Home > Surah 40 - The Forgiver
This Meccan surah verse continues the characterization of the Mosaic revelation as a functional, intellectual, and spiritual tool for the present audience.
It asserts that the Scripture is not a dead letter, but a "Reminder" designed specifically for the sharpest minds—the "people of understanding.' By identifying the Torah as a "Reminder" for "men of understanding," the Quran validates the conclusions of those who study the Bible with care.
A "Reminder" (Dhikra) is meant to bring something back to memory faithfully.
If the Torah had been "corrupted" by the 7th century, it was no longer a "Reminder" of God's word; it was a "Reminder" of man's forgeries.
God would not point to a corrupted text and call it a "Reminder" for the "wise." If the wise are supposed to use the Torah to remember God's truth, then that truth must be present in the text.
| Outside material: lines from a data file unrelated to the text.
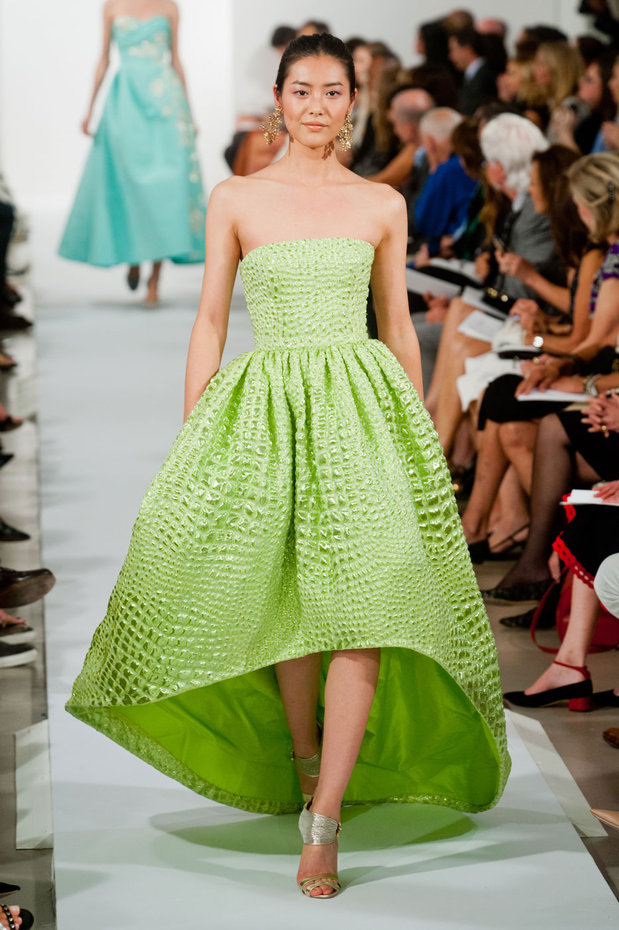 oscar-de-la-renta-spring-summer-14-042_CA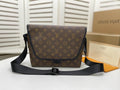 VL - Luxury Bags LUV 713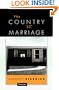 The Country of Marriage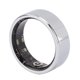 thumbnail image 5 of Anillo De Fitness Inteligente Control De Conteo De Pasos Posicionamiento GPS, 5 of 7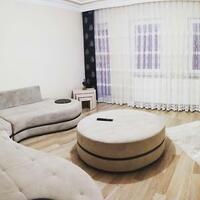 Oda Özellikleri Galerisi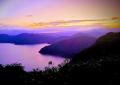 NHK大河ドラマ「豊臣兄弟」もついに「賤ケ岳の戦い」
This verse certifies the doctrinal reliability of the 7th-century Bible. If the "wise" (the People of the Book) used that text and concluded that the Messiah is the Son of God, the Quran is in the awkward position of having praised the very "Reminder" that led them to that conclusion.
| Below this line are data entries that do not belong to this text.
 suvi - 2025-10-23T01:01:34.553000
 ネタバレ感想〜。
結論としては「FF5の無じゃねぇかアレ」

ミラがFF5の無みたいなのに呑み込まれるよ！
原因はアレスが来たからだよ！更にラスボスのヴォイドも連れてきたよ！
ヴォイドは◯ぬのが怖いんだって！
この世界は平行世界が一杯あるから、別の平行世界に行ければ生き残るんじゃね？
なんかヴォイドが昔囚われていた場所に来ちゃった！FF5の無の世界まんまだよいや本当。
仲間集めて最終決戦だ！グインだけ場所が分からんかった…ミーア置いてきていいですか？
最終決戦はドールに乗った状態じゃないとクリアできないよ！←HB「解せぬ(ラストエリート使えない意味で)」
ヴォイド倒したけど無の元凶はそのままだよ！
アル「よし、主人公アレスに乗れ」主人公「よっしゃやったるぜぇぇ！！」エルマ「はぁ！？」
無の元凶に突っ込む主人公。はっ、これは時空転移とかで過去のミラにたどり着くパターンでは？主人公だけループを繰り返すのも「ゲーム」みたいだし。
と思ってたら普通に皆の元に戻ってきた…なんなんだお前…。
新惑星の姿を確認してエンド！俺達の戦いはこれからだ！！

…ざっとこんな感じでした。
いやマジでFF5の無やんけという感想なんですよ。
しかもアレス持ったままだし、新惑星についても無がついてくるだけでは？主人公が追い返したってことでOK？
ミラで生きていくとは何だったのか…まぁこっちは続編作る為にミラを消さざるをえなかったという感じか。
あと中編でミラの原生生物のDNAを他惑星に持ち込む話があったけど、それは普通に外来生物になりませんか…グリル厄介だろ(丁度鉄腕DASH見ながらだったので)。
The Quran appeals to Ulī-l-albāb (people of deep understanding).
Historically, the people of understanding regarding the Torah were the Jewish and Christian scholars.
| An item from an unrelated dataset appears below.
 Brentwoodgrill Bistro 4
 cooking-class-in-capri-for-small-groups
If these "men of understanding" rejected the Quran because they found it inconsistent with the "Reminder" (the Torah), then the Quran is caught in a self-contradiction. It praises their intellect and their book, yet condemns them for using that intellect to follow that book.
By the Quran’s own standard, if a man of understanding looks at the Torah and sees that it requires a blood sacrifice (Leviticus 17:11), he is right to "remember" that truth and reject a new message that denies it.
The verse pairs "Guidance" with "Reminder."
Guidance provides the way forward; the Reminder provides the memory of the foundation.
If the "Guidance" (the way forward) leads to the Gospel, and the "Reminder" (the Torah) confirms the Gospel's necessity, then the Quran’s attempt to divert that path into a 7th-century Arabian context is a violation of the very "Guidance" it claims to uphold.
Surah 40:54 says that the Torah is a 'Reminder for men of understanding.'
If I study the Torah with all my understanding, I find a specific 'Reminder': that God works through a Covenant of blood and a coming Divine King.
Your Quran says that I—as a man of understanding—should use this Book as my 'Reminder.'
If I follow your Book's advice and use the Torah as my 'Reminder,' I must reject the Quran, because the Quran denies the very things the Torah reminds me of.
Either the Torah is a valid 'Reminder' for the wise (making the Bible true), or the wise are 'reminded' of lies when they read it (making the Quran wrong for calling it a reminder for the wise). Why does your Book tell me to trust my understanding of the Torah if you are going to tell me my understanding is 'shirk'?"
By focusing on the term Ulī-l-albāb, the Quran is NOT just for the "unlettered," but it specifically recognizes the authority of the biblically literate intellect.